President Obama and Secretary Kerry apparently don’t. The
chant, which became a staple of the Islamic Republic during the 1979
revolution, is not a relic of the past. Just last weekend, at a rally in Iran,
Supreme Leader Ali Khamenei was interrupted by the chant as he was denouncing
American “lies” and “arrogance.” He smiled and responded, “Of course yes, death
to America, because America is the original source of this pressure.”
Some in Iran have said that during negotiations over a
nuclear deal, Iranians should downplay the “Death to America” chant, common
after Friday prayers and at political rallies. But the Iranian Revolutionary
Guards Corps (IRGC) rejects this advice, insisting, according to the
semi-official Fars news agency, that the United States “is still the great
Satan and the number-one enemy of the [Islamic] revolution, and the Islamic
Republic and the Iranian nation.”
Senator Tom Cotton (R., Ark,) responded bluntly: “When
someone chants, ‘Yes, certainly, death to America,’ we should take him at his
word, and we shouldn’t put him on the path to a nuclear bomb.”
We are left to wonder at the equanimity high-ranking
members of this administration show toward the unyielding hostility of the
Iranian regime. In late February, Iran blew up a full size model of U.S.S.
Nimitz, an aircraft carrier, in the Persian Gulf. The Supreme Leader’s
representative on the IRGC, Ali Shirazi, recently boasted: “When we look at the
Islamic world, we see that the culture of the Islamic Revolution has reached
all countries and all Muslims throughout the world. . . . We shall not rest
until we raise the flag of Islam over the White House.”
A few days later, President Obama responded by sending
Nowruz greetings to the “people and leaders of Iran,” quoting a Persian poet to
say, “Many a flower will bloom while you will be in clay.”

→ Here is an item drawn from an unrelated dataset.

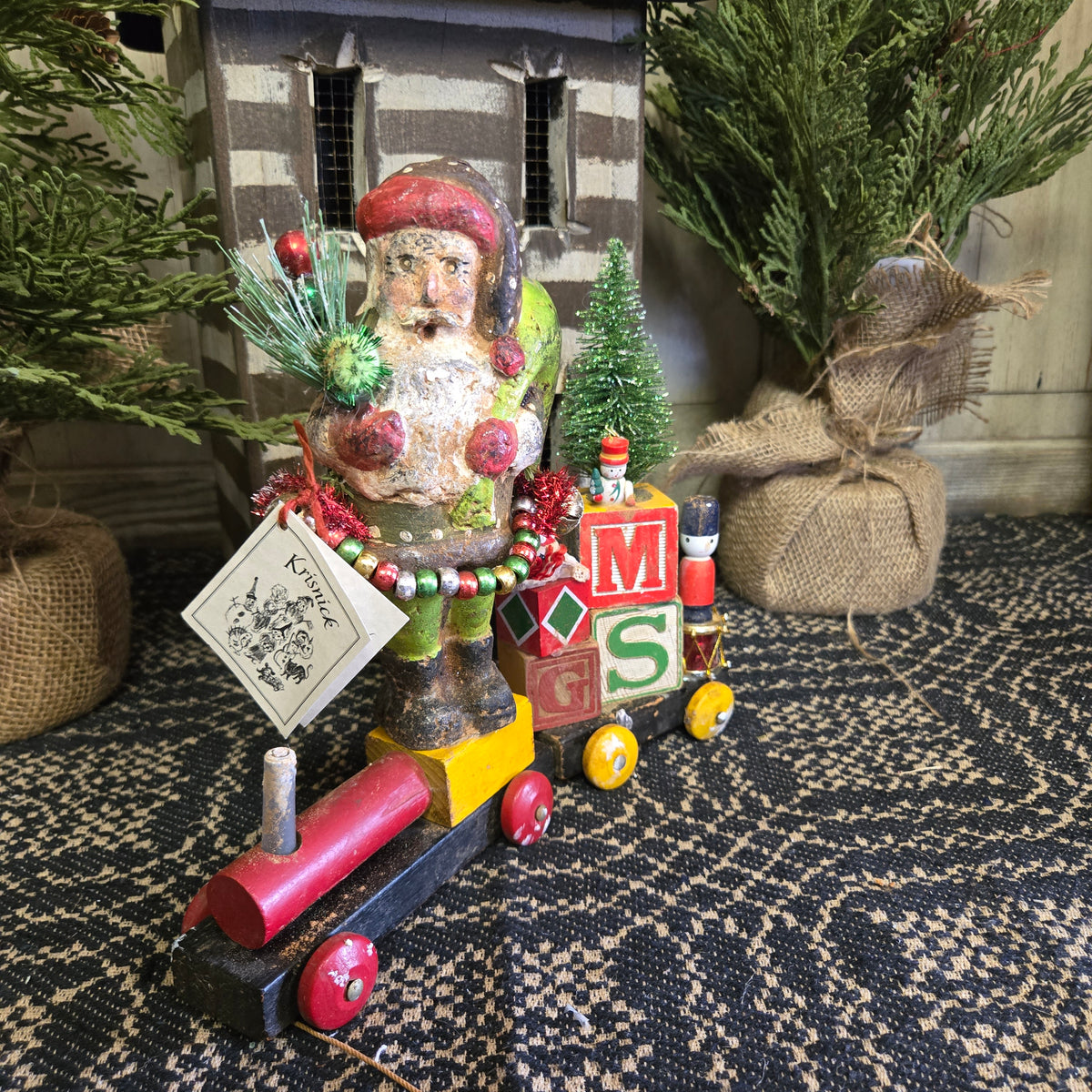 Chalkware santa standing on a toy train in front of a log cabin.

Throughout the protracted negotiations between the P5 + 1
and Iran, the Obama administration has assured Congress that “no deal” was
“better than a bad deal.” They’ve offered pledges that Iran’s centrifuges would
be limited to 500, that the PMDs (possible military dimensions) of its nuclear
research would be fully disclosed, that the facility at Fordo (built into a
mountain) would be shut down, and that snap inspections would be part of any
agreement. “We’re not blind, and I don’t think we’re stupid,” Secretary Kerry
once assured skeptics.
Congress gave the administration “breathing room” — but
U.S. negotiators have backed away steadily from each of their positions. We now
hear talk of 6,000 centrifuges or more. The Wall Street Journal reports that
U.S. negotiators are scaling back their demands for disclosure of PMDs
(something the IAEA had also demanded). Without disclosure about military
dimensions, inspections (notional in any case) will be hampered. David Albright
of the Institute for Science and International Security told the Tower magazine
that “a deal that does not include Iran addressing the IAEA’s concerns about
the past and possibly on-going military dimensions of its nuclear program would
undermine the verifiability of the deal, and thus the credibility of a
comprehensive deal.” Fordo will remain open, and its centrifuges will spin.

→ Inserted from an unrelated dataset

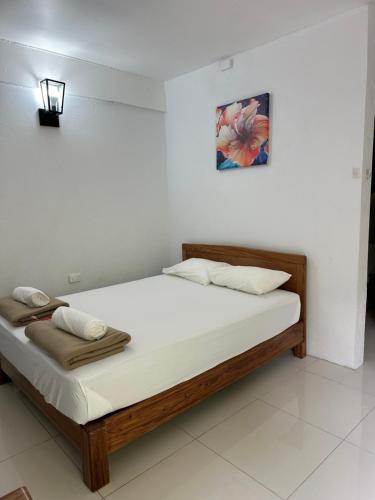 Postel nebo postele na pokoji v ubytování Waiview Apartment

The French government has protested that America is
retreating (think that one over for a minute). France’s foreign minister is
reported to have said that “the United States was really ready to sign just
about anything with the Iranians.” The French ambassador to the U.S., Gerard
Araud, tweeted: “For France, any agreement to be acceptable will have to give
concrete guarantees on all issues. We won’t bypass any of them.”
Each and every news leak out of Lausanne depicts the U.S.
walking back its demands. Just watch the faces of the Iranian negotiators.
Their smiles tell the tale.
The administration reasons that in ten to 15 years, the
Iranian regime will improve. It is willing to gamble that once Iran achieves
nuclear status, it won’t use nuclear bombs or share them with terrorists. It is
willing to gamble that the other unstable nations in the region won’t get
nuclear weapons in response. It is willing to gamble that future leaders of
Iran won’t be even more radical than those in power now.
It is impossible to recall a more dangerous or foolish
set of assumptions by an American president in modern American history. “Death
to America” might become more than a chant.